Law Telegraph Company
- Industry: Telecommunications
- Founded: April 10, 1875; 150 years ago
- Founder: William A. Childs
- Defunct: 1884
- Fate: Bought by Metropolitan Telephone and Telegraph Company
- Headquarters: New York City, New York, United States

= Law Telegraph Company =

The Law Telegraph Company was an American company engaged in facilitating communications between lawyers in New York City. It was the first company to provide telephone services in the city.

In early 1874, William A. Childs proposed to establish a ticker system for lawyers similar to the one provided for stock quotations. His service would connect the lawyers with various courts so they could determine the court calendars for each day, the decisions of the judges, and other court news. On soliciting the ideas of the lawyers who would be his customers, he found no interest, as this information was already available in daily newspapers, but the lawyers instead wanted a system where they could connect with each other to communicate; if a system was provided whereby a lawyer could communicate with any other lawyer who was also on the system, this would be useful, according to one of the lawyers consulted by Childs. Thus was born the Law Telegraph Company.
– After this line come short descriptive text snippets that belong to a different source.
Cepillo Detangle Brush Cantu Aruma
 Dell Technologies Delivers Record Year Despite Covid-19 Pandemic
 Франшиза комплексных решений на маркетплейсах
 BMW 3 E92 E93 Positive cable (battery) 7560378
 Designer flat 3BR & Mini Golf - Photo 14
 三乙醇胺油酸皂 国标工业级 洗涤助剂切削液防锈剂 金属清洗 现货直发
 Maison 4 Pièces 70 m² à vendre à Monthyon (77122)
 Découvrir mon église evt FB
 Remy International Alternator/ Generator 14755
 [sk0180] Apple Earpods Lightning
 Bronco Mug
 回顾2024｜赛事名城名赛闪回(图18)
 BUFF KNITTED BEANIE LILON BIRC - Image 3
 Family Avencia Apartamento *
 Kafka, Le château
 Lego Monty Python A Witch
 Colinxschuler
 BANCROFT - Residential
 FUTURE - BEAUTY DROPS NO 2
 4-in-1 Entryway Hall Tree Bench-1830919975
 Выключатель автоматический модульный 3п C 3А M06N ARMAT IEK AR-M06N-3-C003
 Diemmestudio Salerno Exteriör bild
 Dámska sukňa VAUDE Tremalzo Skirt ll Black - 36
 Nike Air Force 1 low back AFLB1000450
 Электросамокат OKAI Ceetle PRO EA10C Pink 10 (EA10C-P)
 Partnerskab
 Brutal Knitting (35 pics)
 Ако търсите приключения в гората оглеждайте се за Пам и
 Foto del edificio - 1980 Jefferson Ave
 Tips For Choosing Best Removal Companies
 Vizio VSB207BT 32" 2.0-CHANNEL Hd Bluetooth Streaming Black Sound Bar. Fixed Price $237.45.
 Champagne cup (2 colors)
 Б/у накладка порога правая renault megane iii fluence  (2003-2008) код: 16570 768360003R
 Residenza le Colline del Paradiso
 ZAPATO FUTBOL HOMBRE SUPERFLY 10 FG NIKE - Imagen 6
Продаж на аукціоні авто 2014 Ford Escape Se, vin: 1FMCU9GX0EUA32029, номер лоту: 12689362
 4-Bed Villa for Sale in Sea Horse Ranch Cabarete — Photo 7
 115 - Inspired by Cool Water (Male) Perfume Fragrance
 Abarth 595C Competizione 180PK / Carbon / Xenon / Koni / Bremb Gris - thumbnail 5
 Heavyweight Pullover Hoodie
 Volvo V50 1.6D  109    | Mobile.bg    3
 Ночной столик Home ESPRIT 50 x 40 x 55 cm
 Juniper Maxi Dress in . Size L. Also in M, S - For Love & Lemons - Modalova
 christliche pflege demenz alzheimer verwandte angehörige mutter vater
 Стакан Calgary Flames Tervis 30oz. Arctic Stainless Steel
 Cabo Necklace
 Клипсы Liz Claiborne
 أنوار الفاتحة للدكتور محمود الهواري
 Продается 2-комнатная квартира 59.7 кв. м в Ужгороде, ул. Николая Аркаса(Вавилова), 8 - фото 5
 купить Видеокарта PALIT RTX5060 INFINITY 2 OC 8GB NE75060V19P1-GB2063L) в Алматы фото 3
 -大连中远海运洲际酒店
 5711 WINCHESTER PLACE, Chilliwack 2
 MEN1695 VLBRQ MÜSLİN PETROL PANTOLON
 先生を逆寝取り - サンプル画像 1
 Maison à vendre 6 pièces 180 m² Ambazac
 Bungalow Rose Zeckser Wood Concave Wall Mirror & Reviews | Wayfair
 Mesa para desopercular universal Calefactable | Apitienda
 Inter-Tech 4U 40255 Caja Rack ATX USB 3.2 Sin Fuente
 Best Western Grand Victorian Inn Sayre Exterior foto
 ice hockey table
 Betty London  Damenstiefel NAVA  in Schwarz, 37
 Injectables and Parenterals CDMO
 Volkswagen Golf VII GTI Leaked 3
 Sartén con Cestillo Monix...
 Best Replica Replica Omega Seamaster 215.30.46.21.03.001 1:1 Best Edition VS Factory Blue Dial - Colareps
Based on the suggestions made by these lawyers, Childs conceived of a system where there would be a central office and a signaling system where any lawyer could signal to that office to connect his wire to a specified office, using a device similar to Charles Wheatstone's "A B C instrument". The service was advertised to local lawyers and sold out very quickly. Childs's firm set up 60 bells in a central room; each lawyer had a number assigned and would signal to the operator the number the lawyer wanted to reach by ringing the bell (for example, 3 rings followed by 1 to reach "31"). The bell was later replaced by a Morse telegraph sounder.

By April 10, 1875, the system was operating, and sufficiently well-acclaimed that The Telegrapher, an industry publication, referred to the Law Telegraph system.

Although Alexander Graham Bell had described ideas for a central exchange system, the Law Telegraph Company applied telephones to the exchange set-up before Bell had one of his own, and thus preceded Bell in New York City with a functioning telephone exchange. The Law System was awarded a patent, No. 220,874 (to Frank Shaw), for the adaptation of the call-wire principle (used previously for telegraphy) to telephones, on October 21, 1879. In the patent application, Shaw also pointed out the advantage of assigning telephone numbers to subscribers, rather than identifying them by name, as had earlier been done, though the Law Telegraph Company may not have been the first to use numbers.

For a time there were three telephone companies operating in New York City: the Gold and Stock Telegraph Company (controlled by Western Union), the Bell Telephone Company of New York, and the Law Company. When the courts caused Western Union to give up the telephone business and the first two companies consequently merged (under the name of the Metropolitan Telephone and Telegraph Company), the Law Telegraph Company became the sole independent company in New York City, though subscribers on its exchange were able to communicate with the Metropolitan Company. Under an agreement with Bell, it was limited to six hundred subscribers, and continued until 1884, when it was bought out by Metropolitan, and its exchange became one of a number of separate exchanges of the Metropolitan Company.